11.08.2010

change of plans...

this was previously posted October 16th, 2009 on a different blog that i no longer have access to, and re-posted here.


so about that last post....Zachary quit his job 3 days later after 3 days of pleading from me. it was HORRID! i won't go into details, but if you care to know just call and ask zachary how many lawns he mowed in just 2 days, i would guess to say that it is more than 10 people combined have mowed in a year.

things since then have taken an up turn. still no job, but God i believe is changing both of our hearts through this process. i'm learning not to worry, and zachary is learning to search for God's plan. we have gotten more involved in our church also and we are loving it! you can check out their website and get more of a glimpse into our lives. www.thecommunityatlakeridge.com. we love our church family and have really found a home there. one of the pluses about zachary not having a job is that he also gets to serve out at the church property on wednesday's just fixing thing and being their handyman.

my main reason for posting today though is for a prayer request. i have been literally aching lately because i know that something big is in store for us and that God is asking us to take a risk. i've been searching and checking out a ton of books from the library and just praying to figure out what it is. and i believe that while laying awake last night, after making the mistake of drinking coffee 30 minutes before i went to bed, God revealed some of that vision to me, and i know this because zachary was actually excited about one of my off the wall dreams this time! i'm not going to say just what quite yet, i dont' want to sound crazy to anyone other than my husband, but just pray that zachary and i keep searching for the Lord, and that he keeps revealing his plan for our lives.

who doesn't like a bobble head....



This was posted on August 14th, 2009 and posted on a different blog that i don't have access to so i re-posted it here for consistency's sake...


my new goal in life is to be more balanced. not a little bit more balanced, but BALANCED. i am so terribly bad at it. i am starting to see signs of being older and i have realized that i have never been good at taking care of myself. i am way too serious about everything and i tend to forget about my own needs. i realize that i unfortunately don't laugh enough. even though i am happy, love my life, and have a pretty funny husband, i am still always pushing to be better and tend to not take time to just relax and laugh. i know that in the end this kind of behavior will break me, and so i have made it an intention to laugh more everyday.

this week i laughed harder than i have in a long time. zachary and I were visiting with our best buds
the pickrel's and my new God son david allen on tuesday. catherine was holding David on her chest and we were all laughing at something and david's head would not stop bouncing around. he looked just like a bobble head, which in turn made us laugh even more. it made me feel like we were a bunch of kids just playing with a baby. laughing made me feel so young.

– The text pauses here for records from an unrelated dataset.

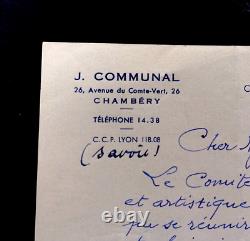 Joseph COMMUNAL, Peintre LETTRE AUTOGRAPHE SIGNÉE, 1952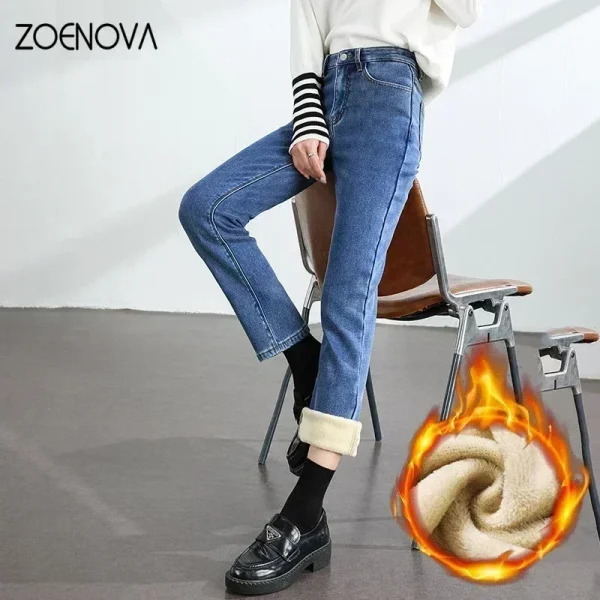 ZOENOVA Jeans caldi in pile invernale da donna Pantaloni in denim caldo ispessito in cotone elastico dritto sottile retrò Abbigliamento femminile di moda 4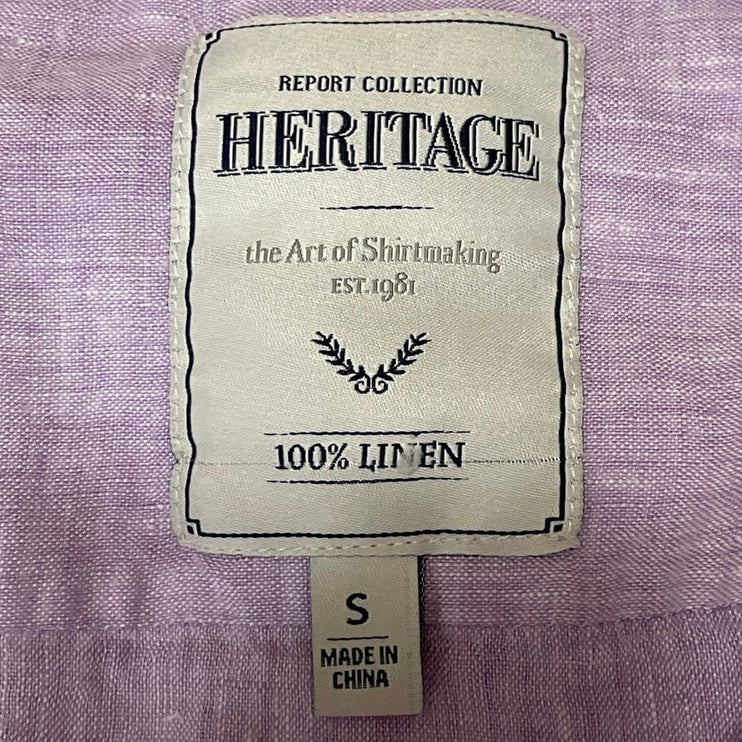 Heritage Men's Purple Lilac 100% Linen Short Sleeve Button Down Shirt Top Size S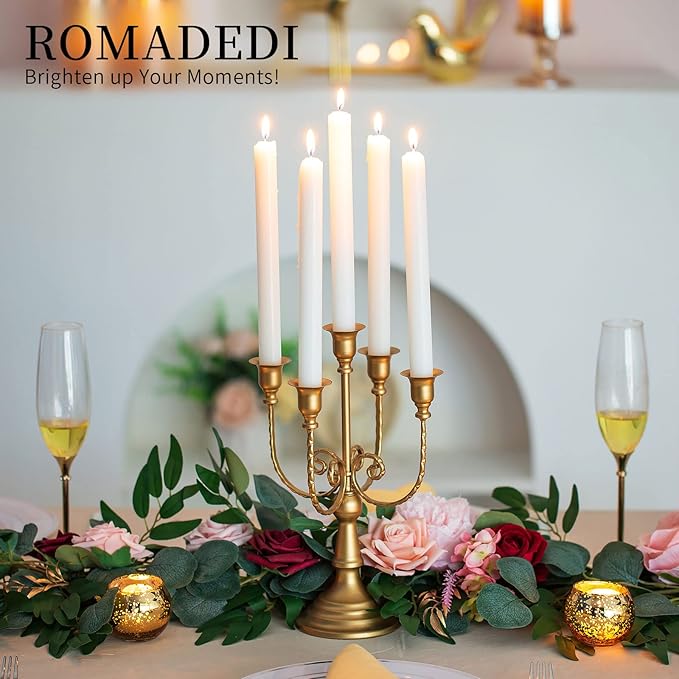 Romadedi Candelabra Gold Candle Holders - 5 Arm 11.8" Wedding Candlestick Holder for Theme Party Table Centerpiece Decor Dining Room Birthday Holiday Christmas, Set of 6
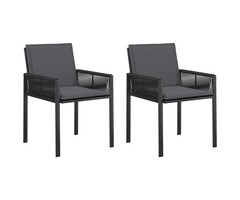Vidaxl Gartenstühle 2er Set Poly-Rattan Schwarz/Dunkelgrau - 52% Rabatt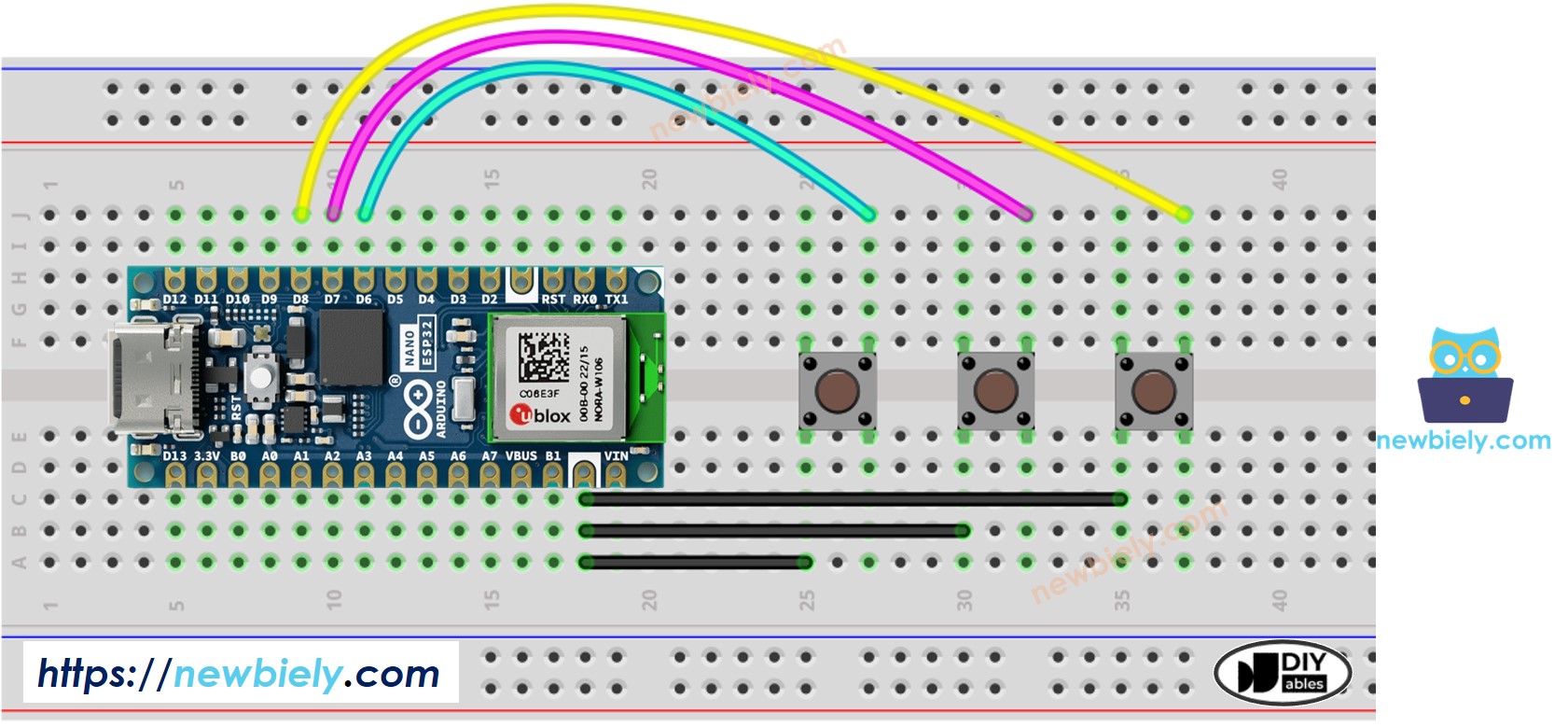 Diagrama de Ligação da Biblioteca de Botão com o Arduino Nano ESP32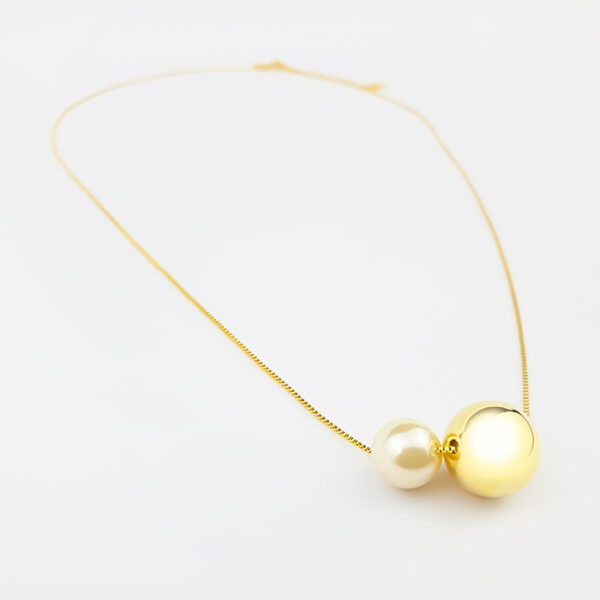 Colar Clara Elo Dourado e Pérola - Imagem 2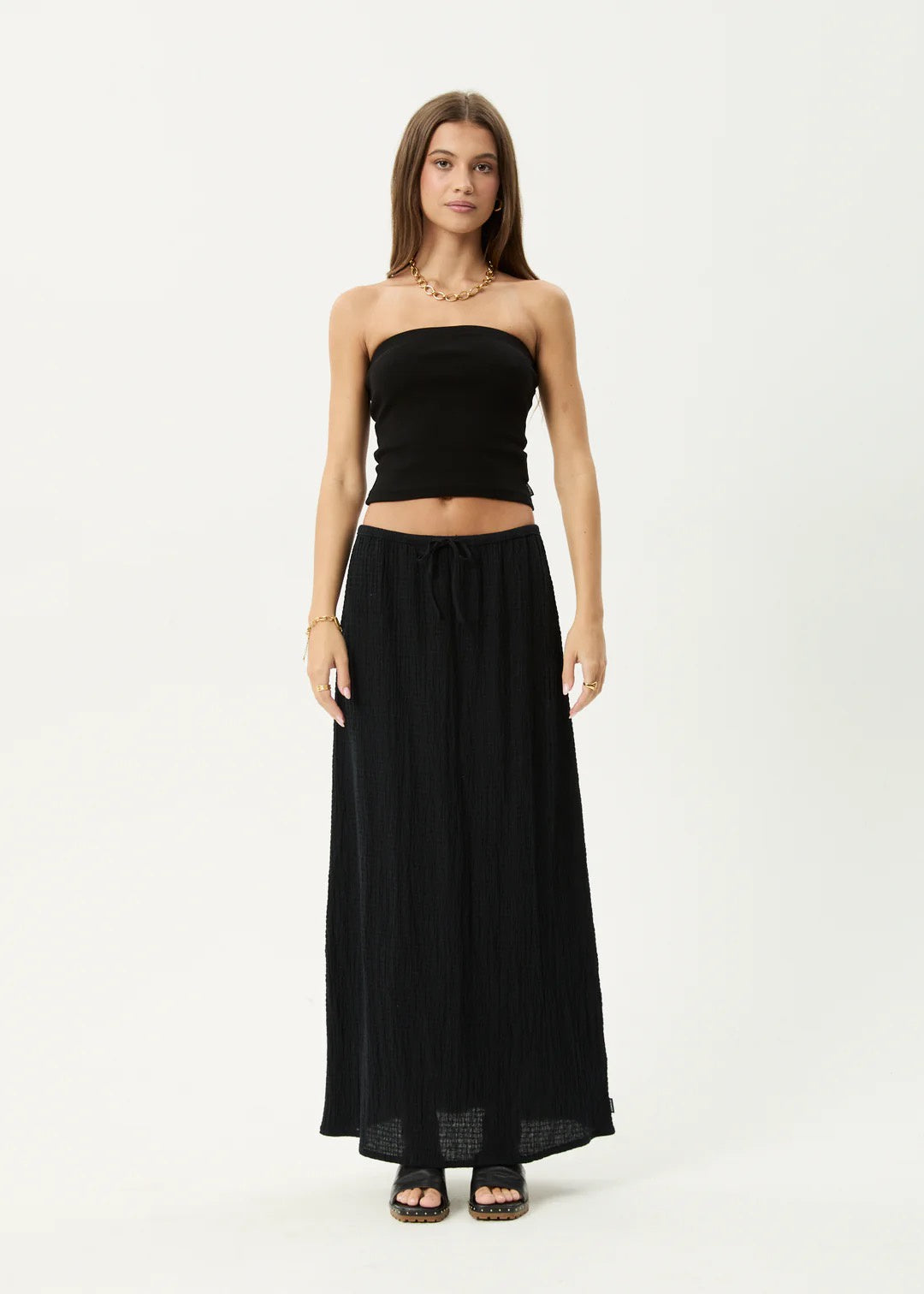 Afends Focus Hemp Seersucker Maxi Skirt Black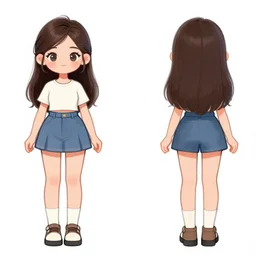 a never before seen character, female, cute, beautiful, young, concept sketch, front and back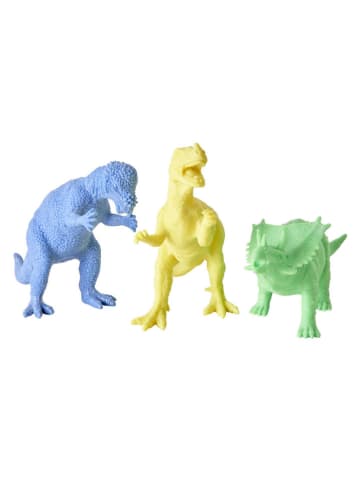 Rice 3er-Set: Spielfiguren "Dino" in Grün/ Blau/ Gelb ab 3 Jahren - (B)8 x (H)15 cm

it was a great first memory to have with david on his first day in this world, and i hope that it is a precursor of a life filled with laughter. i love you little david, and i will pray this for you always.

laughing is not just for kids though. i see that it is what is lacking most in adults.

He will fill your mouth with laughter and your lips with shouts of joy. Job 8:21

Well here we go...

This was previously written on Tuesday, March 17th 2009 on a different blog that I can no longer access and posted again today...

we are currently job searching and just praying for the Lord's guidance. we are praying that we do the right thing; however, sometimes we find it hard to know what the "right" thing is. i have always believed that if you truly want to serve the Lord and you are looking for his presence in your life, ultimately you will end up in the right place...so here's to hoping my philosophy is right. we both sometimes feel that God is going to ask us to do something BIG someday, and we both hope that we will have the courage and the skills to answer the call, or even hear it for that matter.
for all of our friends and family in tough spots right now we pray that you too can find the peace to hear the Lord, and the courage to do what the Lord asks.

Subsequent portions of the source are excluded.